こんにちは。エディマート代表の鬼頭です。

今回は、なぜライターが「マルチタスク」を身に着けるべきか、また修得するためのコツを、僭越ながらまとめてみたいと思います。

何度か書いていますが、私はフリーランスのライター経験を経て、編集者、そして編集プロダクションの代表になりました。
ざっと20年。
自身の経験をふまえて強く推したいスキルが、「マルチタスク」です。ライターのみなさんは苦手としている方も多いのではないでしょうか。
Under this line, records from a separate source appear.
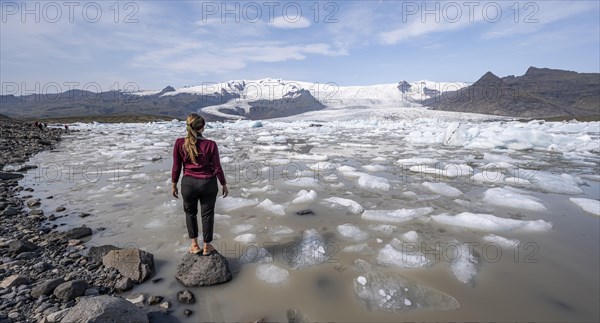 Woman in front of Fjallsarlon ice lagoon
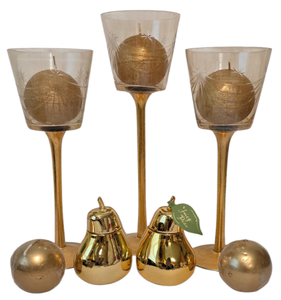 lot 243 image: Set of Three Gold Colored Candle Holders and Decorative Candles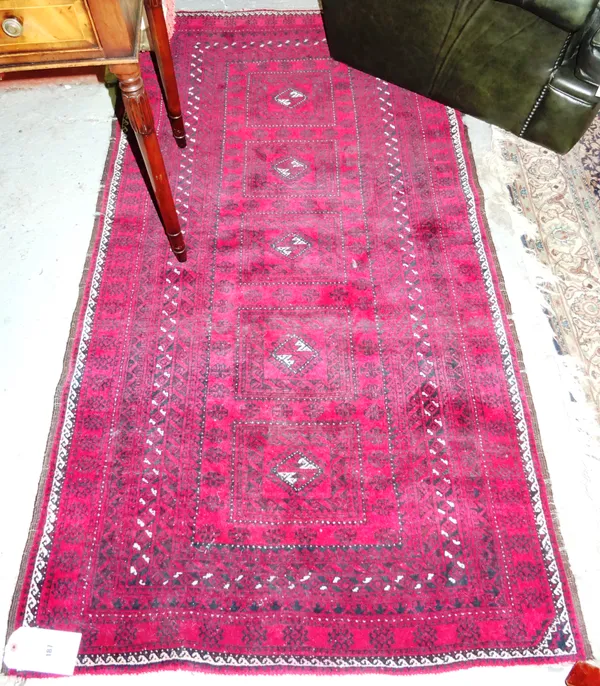 An Afghan rug, the madder field with a row of five hooked guls, in square medallions, a banded border, 100.5cm x 181cm. G5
私もそんな一人でしたので、ぜひお読みくださいね。

1.そもそも「マルチタスク」とは?

「マルチタスク」とは、「MULTI=複数」+「TASK=仕事」という成り立ちからもわかるように、複数の仕事や作業を同時並行し、短時間で切り替えながらゴールへもっていく能力を指します。もともとはコンピュータ用語だったようですね。対義語は「シングルタスク」です。

「短時間で切り替える」というところがポイント。ほとんどのライターは、複数の原稿を抱えていることでしょう。1日かけて1本書いて、翌日は次の原稿に取り掛かる…というのはマルチタスクではありません。


ライターは基本的にマルチタスクが苦手

いきなり決めつけるようでごめんなさい。自分も苦手だった一人として書いています。

ライターがマルチタスクが苦手であろう理由は明確です。
なぜなら、こだわりの人が多いから。「昨日よりもいい原稿を書きたい」「ターゲットを惹きつけるコピーを生み出したい」。そのために、一つの仕事に全精力を注ぎたくなるのはよくわかります。

また、会社員を経てライターになった人の中には、マルチタスクが嫌で独立したパターンもあるかもしれません。あれもこれもやらされて、いったいいつになったら集中して自分らしい仕事ができるんだ!ーーそんな不満とともに飛び出した人はいませんか?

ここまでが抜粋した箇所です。